Adamant: Hardest metal
Friday, March 14, 2003

Lower oil supply boosts crude futures

www.upi.com By Hil Anderson UPI Chief Energy Correspondent From the National Desk Published 3/12/2003 6:41 PM

LOS ANGELES, March 12 (UPI) -- Oil prices moved ever higher on Wednesday after closely watched weekly inventory reports showed the United States' oil supply fell nearly 4 million barrels last week as crude imports declined by more than 1 million barrels per day.

The news contributed to a jump of $1.11 for April crude futures on the New York Mercantile Exchange Wednesday and an increase of more than 70 cents on London's International Petroleum Exchange.

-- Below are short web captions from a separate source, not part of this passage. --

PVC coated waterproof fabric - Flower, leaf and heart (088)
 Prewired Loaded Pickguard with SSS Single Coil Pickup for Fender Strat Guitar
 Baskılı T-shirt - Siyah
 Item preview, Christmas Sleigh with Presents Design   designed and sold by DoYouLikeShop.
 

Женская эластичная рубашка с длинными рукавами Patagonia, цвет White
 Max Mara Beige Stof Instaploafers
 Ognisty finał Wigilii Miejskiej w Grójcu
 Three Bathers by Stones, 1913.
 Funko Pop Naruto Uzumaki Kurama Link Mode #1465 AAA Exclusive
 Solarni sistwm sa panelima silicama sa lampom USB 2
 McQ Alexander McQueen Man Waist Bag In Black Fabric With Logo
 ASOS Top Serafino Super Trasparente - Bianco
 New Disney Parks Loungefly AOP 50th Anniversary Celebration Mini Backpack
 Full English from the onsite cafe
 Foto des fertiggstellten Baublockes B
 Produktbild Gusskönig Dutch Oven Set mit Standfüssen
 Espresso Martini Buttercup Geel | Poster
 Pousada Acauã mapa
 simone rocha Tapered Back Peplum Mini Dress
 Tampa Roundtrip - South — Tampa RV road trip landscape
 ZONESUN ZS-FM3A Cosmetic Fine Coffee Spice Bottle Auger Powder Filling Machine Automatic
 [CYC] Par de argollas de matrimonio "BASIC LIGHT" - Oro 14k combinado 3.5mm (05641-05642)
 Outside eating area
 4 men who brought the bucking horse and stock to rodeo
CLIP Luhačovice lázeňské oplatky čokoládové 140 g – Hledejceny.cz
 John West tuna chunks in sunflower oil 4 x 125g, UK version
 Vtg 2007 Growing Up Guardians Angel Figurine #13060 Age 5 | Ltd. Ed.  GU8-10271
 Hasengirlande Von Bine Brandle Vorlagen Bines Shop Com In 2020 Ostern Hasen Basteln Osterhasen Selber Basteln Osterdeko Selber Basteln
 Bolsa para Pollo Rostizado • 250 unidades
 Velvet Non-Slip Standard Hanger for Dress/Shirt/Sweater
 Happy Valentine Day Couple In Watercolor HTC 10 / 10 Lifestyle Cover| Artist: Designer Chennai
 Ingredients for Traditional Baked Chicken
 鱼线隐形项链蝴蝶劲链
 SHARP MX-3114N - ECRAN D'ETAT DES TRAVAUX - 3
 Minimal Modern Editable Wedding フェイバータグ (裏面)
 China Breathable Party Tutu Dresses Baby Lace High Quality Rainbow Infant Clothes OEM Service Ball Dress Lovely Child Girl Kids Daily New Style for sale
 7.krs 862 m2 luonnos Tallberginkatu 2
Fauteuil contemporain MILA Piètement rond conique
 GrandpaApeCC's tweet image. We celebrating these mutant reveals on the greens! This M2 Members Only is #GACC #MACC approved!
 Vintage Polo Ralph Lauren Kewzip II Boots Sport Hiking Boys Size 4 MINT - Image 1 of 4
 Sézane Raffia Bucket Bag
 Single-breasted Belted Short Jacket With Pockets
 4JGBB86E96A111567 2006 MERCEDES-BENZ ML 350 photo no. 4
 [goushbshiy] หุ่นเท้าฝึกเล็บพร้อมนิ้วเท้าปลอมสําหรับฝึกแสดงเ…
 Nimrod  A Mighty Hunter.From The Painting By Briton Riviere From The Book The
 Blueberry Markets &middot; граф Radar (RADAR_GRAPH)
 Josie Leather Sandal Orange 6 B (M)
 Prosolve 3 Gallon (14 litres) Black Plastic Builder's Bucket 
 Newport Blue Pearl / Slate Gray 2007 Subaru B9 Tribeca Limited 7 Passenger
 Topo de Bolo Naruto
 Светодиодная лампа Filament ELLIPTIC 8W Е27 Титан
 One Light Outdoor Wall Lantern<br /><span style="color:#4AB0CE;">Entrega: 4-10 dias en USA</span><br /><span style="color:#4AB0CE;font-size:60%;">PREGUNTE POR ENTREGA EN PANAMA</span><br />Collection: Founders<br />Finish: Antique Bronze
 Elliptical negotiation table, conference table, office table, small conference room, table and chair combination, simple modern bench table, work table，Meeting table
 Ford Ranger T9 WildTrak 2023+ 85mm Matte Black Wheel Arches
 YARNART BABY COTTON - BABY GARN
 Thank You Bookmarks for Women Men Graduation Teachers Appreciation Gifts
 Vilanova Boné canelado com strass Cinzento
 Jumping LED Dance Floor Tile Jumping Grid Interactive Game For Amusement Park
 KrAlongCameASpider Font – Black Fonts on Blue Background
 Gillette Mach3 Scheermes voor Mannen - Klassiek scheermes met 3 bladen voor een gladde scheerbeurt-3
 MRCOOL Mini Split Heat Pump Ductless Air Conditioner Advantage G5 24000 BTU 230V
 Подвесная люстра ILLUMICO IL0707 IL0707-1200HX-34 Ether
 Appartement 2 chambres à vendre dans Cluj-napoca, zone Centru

"Crude oil imports have averaged over 8.3 million barrels per day over the last four weeks, but this is still 300,000 barrels per day less than averaged during the same four-week period last year," the Energy Information Administration said. "Although the origins of weekly crude oil imports are very preliminary ... imports from Venezuela over the last two weeks appear to be much closer to pre-strike levels than earlier in the year."

The agency reported last week's total imports averaged 7.6 million barrels per day. Modern supertankers generally have a cargo capacity of nearly 2 million barrels.

The news, coming at a time that the United States is poised to launch a war in the Persian Gulf, contributed to Wednesday's upward momentum on NYMEX that carried April crude to $37.83 per barrel, a level not seen since Iraq's brief occupation of Kuwait in 1990. Prices were expected to test $38 per barrel during after-hours trading.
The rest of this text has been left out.